[Brief descriptive captions]

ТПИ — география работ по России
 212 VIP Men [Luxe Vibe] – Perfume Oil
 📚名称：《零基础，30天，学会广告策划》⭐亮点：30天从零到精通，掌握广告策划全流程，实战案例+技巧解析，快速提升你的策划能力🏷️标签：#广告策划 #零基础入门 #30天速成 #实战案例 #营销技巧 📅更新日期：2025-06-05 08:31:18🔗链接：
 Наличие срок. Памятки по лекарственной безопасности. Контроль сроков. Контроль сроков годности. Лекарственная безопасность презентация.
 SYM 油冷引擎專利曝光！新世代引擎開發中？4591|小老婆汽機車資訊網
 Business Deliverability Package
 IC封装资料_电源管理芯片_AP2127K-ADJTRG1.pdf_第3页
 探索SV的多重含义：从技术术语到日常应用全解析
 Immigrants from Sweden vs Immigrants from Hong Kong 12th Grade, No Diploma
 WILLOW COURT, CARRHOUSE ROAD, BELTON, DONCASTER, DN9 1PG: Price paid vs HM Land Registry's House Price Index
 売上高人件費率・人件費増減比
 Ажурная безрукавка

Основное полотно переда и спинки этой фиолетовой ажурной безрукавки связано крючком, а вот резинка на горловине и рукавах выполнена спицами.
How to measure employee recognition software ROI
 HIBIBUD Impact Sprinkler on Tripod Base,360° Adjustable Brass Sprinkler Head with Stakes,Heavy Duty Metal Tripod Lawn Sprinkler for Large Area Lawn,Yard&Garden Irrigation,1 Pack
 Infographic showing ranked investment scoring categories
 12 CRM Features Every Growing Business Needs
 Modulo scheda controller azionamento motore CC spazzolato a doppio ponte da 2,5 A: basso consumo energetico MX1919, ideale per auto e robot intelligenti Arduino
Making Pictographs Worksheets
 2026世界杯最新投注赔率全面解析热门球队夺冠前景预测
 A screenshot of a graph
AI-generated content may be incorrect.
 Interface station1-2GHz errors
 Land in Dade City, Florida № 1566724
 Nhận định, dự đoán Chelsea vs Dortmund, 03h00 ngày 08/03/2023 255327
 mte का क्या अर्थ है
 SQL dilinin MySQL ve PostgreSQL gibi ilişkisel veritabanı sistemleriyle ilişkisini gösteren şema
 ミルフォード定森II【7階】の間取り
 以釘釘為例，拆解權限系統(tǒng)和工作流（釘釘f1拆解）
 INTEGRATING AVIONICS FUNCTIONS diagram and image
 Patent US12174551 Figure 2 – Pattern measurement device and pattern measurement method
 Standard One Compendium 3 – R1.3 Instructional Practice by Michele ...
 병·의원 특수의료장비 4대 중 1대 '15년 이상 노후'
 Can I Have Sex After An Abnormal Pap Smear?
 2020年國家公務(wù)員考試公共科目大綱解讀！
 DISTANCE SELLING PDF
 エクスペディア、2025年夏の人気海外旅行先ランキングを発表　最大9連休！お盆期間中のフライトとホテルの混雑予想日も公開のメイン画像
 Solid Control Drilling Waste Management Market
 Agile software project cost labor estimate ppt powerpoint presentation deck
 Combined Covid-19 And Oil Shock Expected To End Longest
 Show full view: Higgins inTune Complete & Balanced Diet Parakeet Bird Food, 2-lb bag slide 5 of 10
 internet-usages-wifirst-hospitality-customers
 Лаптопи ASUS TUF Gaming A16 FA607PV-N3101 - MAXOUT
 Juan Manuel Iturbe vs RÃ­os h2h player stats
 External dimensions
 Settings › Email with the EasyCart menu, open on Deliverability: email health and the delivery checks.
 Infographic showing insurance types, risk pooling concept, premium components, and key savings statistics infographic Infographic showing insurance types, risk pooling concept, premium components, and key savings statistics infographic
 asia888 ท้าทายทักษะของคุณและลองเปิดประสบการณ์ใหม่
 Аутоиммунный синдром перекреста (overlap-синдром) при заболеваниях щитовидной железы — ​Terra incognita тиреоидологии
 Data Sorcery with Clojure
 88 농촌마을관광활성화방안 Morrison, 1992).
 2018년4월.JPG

_EXERCISE REQUIREMENTS_
Emit an exact copy of the lines spanning the start of the records to the line containing "探索SV的多重含义：从技术术语到日常应用全解析", inclusive, and no other output.

_RESULT FOR THIS TASK_
ТПИ — география работ по России
 212 VIP Men [Luxe Vibe] – Perfume Oil
 📚名称：《零基础，30天，学会广告策划》⭐亮点：30天从零到精通，掌握广告策划全流程，实战案例+技巧解析，快速提升你的策划能力🏷️标签：#广告策划 #零基础入门 #30天速成 #实战案例 #营销技巧 📅更新日期：2025-06-05 08:31:18🔗链接：
 Наличие срок. Памятки по лекарственной безопасности. Контроль сроков. Контроль сроков годности. Лекарственная безопасность презентация.
 SYM 油冷引擎專利曝光！新世代引擎開發中？4591|小老婆汽機車資訊網
 Business Deliverability Package
 IC封装资料_电源管理芯片_AP2127K-ADJTRG1.pdf_第3页
 探索SV的多重含义：从技术术语到日常应用全解析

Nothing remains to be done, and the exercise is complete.